Found an AI-generated image you love? Upload it and get a detailed prompt to recreate a similar look — plus a style breakdown and ready-to-use Midjourney and Stable Diffusion settings. Free, and no sign-up.
How it works
Upload any image and the tool analyses it and reverse-engineers a text-to-image prompt, a style breakdown, and suggested Midjourney and Stable Diffusion parameters. The exact original seed and settings can never be recovered from a finished image, so treat the numbers as close estimates — but the prompt and style will get you strikingly close.
Quick answer: can you get the original prompt from an AI image?
No tool can recover the exact original prompt or seed from a finished AI image, because that data is not stored in the pixels — a Midjourney seed is a 32-bit number (0 to 4,294,967,295, roughly 4.3 billion possibilities) that lives on the platform, not in the file. What an image-to-prompt tool does instead is read the picture with a vision model and reconstruct a close, high-quality estimate: a detailed text prompt, a negative prompt, a style breakdown and suggested Midjourney and Stable Diffusion settings that recreate the look rather than the byte-identical image. Convly’s Image-to-Prompt Generator does this free, with no sign-up, in a few seconds.
The exact prompt and seed are only recoverable in one case — when the file still carries its original generation metadata:
- If the PNG is untouched: AUTOMATIC1111 writes the full prompt, negative prompt, seed, sampler, steps and CFG into the PNG “parameters” text chunk, and ComfyUI stores the whole workflow — a metadata viewer reads them exactly.

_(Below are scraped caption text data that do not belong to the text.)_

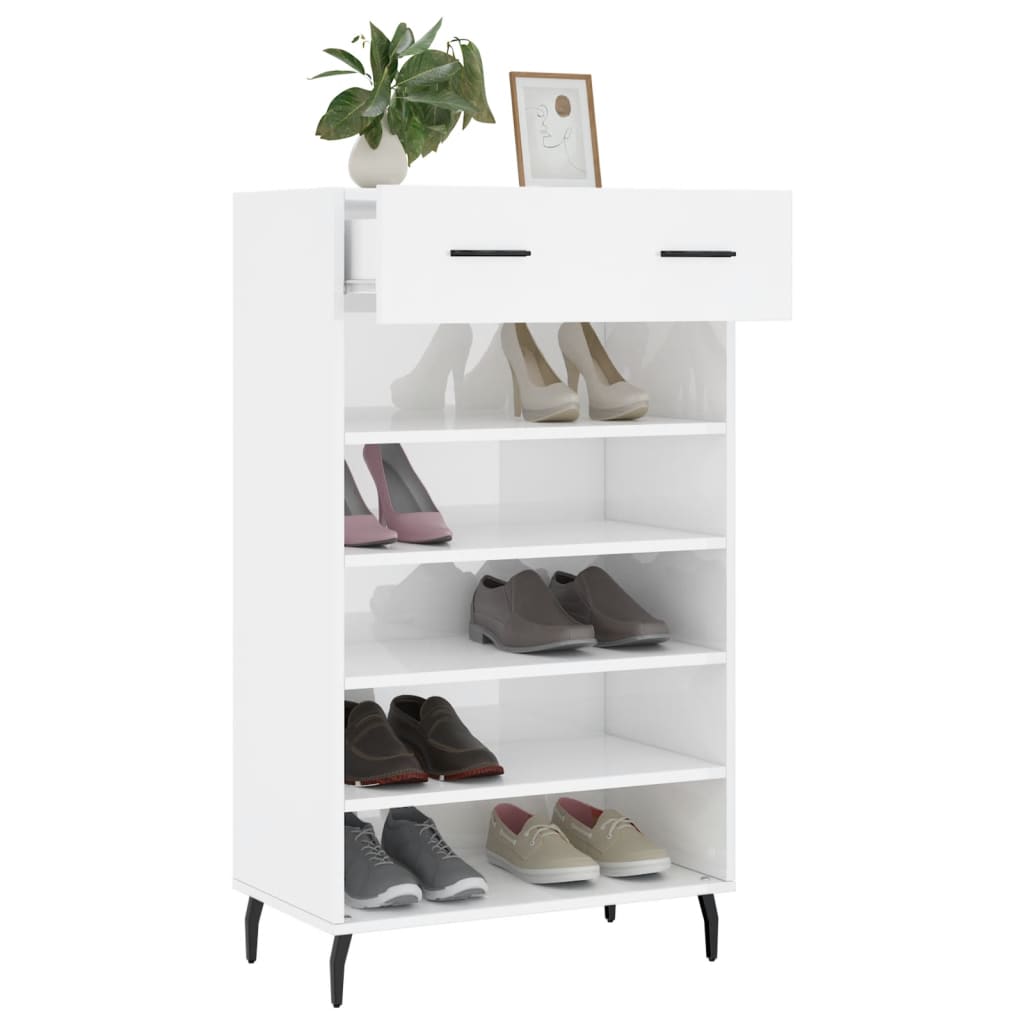 Shoe Cabinet High Gloss White 60x35x105 cm Engineered Wood
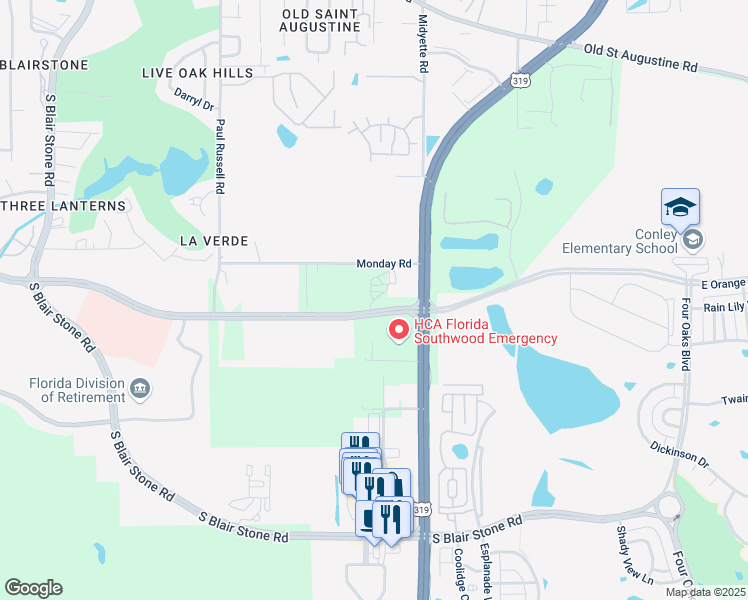 map of restaurants, bars, coffee shops, grocery stores, and more near 2536 Capital Circle Southeast in Tallahassee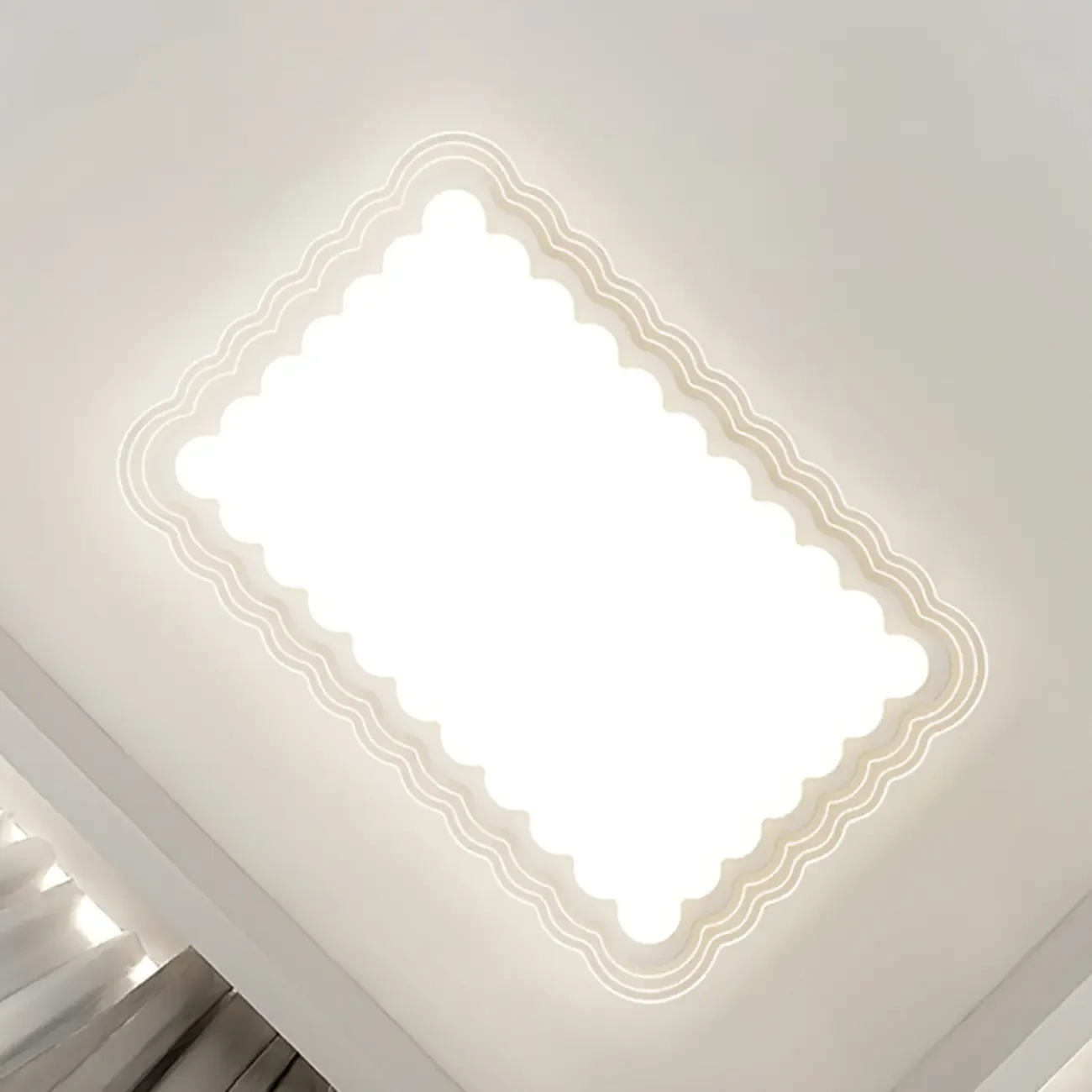 Modern White Artistic Rectangular Flush Mount Ceiling Light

- Once it is shared: uploading to Discord, X, Reddit, Facebook or Telegram strips that metadata, so the vast majority of images online no longer contain it.
- Midjourney never embeds the prompt in the file; you can retrieve the seed only for your possèdent jobs by reacting with the ✉ emoji in Discord.
- For everything else — someone else’s art, a screenshot, a stripped image — a vision-model estimate is the only route.
Questions fréquemment posées
How do I get the prompt from an AI image?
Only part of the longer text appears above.